New Vision (Kampala)

Uganda: Let's Stand With Bush's America

opinion

Kampala — IF a question were put to many a Ugandan as to what four countries one would love to live in, it would not be far-fetched to get an answer saying: (a) USA. (b) USA. (c) USA. (d) USA.

Such a reply would only confirm the zeal with which lots of people all over the world desire to share in the so-called American dream. As US President George. W. Bush, a.k.a. Baby Bush, visits Uganda today only ostriches are not excited.

When world citizens - young and old - crave for things American, from Colas to dollars, some call it cultural imperialism, etc. But because the American magic pleases the body and soul, we swallow it with relish.

Moreover, for Africans calling Americans imperialists is rather ironic. History has it clearly that Americans having suffered the British colonial yoke, were with Africans in kicking out the crown.
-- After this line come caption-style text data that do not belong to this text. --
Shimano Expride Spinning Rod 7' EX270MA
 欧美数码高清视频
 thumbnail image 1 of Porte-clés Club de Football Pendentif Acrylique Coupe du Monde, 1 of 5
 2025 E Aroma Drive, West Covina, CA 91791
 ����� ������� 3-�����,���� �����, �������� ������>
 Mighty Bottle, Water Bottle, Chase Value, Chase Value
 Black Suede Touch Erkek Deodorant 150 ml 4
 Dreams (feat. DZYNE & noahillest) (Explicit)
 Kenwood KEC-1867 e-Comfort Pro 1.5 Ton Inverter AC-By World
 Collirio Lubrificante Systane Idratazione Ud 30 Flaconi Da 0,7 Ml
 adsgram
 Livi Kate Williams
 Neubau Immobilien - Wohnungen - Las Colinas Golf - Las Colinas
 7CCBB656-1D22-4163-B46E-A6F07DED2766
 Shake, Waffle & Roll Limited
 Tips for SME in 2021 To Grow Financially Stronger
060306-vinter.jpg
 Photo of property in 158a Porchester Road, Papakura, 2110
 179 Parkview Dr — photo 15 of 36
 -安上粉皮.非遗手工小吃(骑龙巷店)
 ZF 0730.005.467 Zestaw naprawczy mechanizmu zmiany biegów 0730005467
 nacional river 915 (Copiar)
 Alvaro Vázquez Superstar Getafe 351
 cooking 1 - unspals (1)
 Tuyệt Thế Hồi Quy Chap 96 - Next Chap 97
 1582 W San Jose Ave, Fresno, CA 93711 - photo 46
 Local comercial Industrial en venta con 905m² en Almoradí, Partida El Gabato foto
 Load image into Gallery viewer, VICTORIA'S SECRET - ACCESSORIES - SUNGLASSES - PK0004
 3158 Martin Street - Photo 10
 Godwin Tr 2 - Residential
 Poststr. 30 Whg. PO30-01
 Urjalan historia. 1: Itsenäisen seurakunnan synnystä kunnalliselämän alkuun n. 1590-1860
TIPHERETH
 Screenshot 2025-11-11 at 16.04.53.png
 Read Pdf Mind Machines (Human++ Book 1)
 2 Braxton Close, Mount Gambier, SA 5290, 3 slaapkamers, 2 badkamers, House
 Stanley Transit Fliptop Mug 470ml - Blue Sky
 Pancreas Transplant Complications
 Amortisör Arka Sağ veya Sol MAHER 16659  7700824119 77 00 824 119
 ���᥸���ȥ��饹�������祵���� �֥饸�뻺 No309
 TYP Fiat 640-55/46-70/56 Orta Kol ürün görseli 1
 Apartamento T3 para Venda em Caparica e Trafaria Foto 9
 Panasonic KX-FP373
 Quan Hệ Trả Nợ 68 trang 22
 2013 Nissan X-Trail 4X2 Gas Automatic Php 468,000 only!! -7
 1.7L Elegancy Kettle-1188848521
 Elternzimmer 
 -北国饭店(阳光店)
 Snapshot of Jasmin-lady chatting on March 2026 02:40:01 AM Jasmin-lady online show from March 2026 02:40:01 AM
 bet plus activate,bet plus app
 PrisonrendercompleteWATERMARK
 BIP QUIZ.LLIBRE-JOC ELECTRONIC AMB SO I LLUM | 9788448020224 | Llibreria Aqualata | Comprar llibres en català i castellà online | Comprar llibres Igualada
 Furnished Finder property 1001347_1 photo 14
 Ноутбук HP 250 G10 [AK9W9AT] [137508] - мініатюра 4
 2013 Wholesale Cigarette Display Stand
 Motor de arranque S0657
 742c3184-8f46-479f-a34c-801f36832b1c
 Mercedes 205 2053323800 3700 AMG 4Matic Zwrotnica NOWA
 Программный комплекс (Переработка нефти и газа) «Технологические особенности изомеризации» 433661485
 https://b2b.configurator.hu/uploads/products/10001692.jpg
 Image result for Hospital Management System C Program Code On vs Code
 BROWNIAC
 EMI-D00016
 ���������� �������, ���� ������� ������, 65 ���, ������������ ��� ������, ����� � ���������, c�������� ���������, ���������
Well, someone could be quick to add that it was Americans who enslaved Africans in the first place. Granted. But we should not also forget that it was mainly under American masters that African slaves at least survived and eventually took their place under the sun.

African slaves were equally taken in huge numbers to the Arab world, but where are they today? Wouldn't black people in the Arab world be in millions? Where are the Arab Colin Powells, Condoleezza Rices, Rosa Whitakers, who would be walking the corridors of power? Is it true that male African slaves in the Arab world were castrated to deny them reproduction?

The survival of the African slaves to become part of modern America explains one key aspect in the strength of the United States. Sticking to its roots as a land of immigrants, the United States absorbs people from other parts of the world with ease as its citizens.

Immigrants naturally tend to represent ambition and stronger survival traits.

Even after the September 11, 2001 terrorist attacks on New York and Washington DC, America continues to open its gates to the world, albeit with more caution. Those who get in have only themselves to blame if they fail to join the endless list of rags to riches stories that abound in the land.

Just the other day, your columnist heard someone relate how southern Sudanese young men, who left their homeland only a few years ago, have risen to ranks as high as lieutenant-colonels in the US military! They are even being trusted as Arabic interpreters in Iraq. At US universities, foreign students are almost outnumbering Americans. Of course, after biting the burger bug (no pun meant), a good number scheme for the green card. The rest, even if they go back home, become American in everything but citizenship.

We ape the Americans even when we disagree with them. Our opposition here, for example, claims the Bush visit lends credence to the "Museveni dictatorship".

Yet the same opposition is busy ingratiating themselves with the Americans, through the likes of Reform Agenda's Anne Mugisha in DC, hoping for US help to get to power!

Even the bigger boys of the world are often lost when it comes to dealing with the American bully. With the Americans bashing world terrorists/dictators out of power with abandon, the others in jealousy - the French, et al - cling to impotent arguments about UN resolutions blah, blah.

The smarter ones, like those in the defeated and defunct Warsaw Pact, have in droves flocked to the NATO Alliance - a Cold War relic - but a face-saving way of surrendering to Americanism.

But the lot that really stinks in their purported challenging of the unchallengeable are the hapless terrorists. Having failed to match the overwhelming influence of American doctrines and technology, they have exported their frustration to soft targets.

As a result, Africans too have become innocent and unsuspecting victims. Sometimes, using the oil money, the terrorists have hoodwinked our own people into the so-called religious war against American infidels. The result has been the likes of the Allied Democratic Front (ADF), whose

terrorism Kampalans saw live with blood and tears. That is why when President Bush speaks about terrorism at Entebbe today, we should know it is about our own very survival. If the terrorists want to hurt us for ostensibly embracing American values - as if they offer anything better - it is reason enough to stand with Americans.

The argument that Bush is here to prop Museveni's stay in power does not fly. When President Museveni binds our country to the American fight against terrorism, it is for our common good. The point is, if terrorists blew up an office complex in Kampala - like they did in Nairobi and Dar-es-Salaam - it is unlikely that Bush or Museveni would be inside.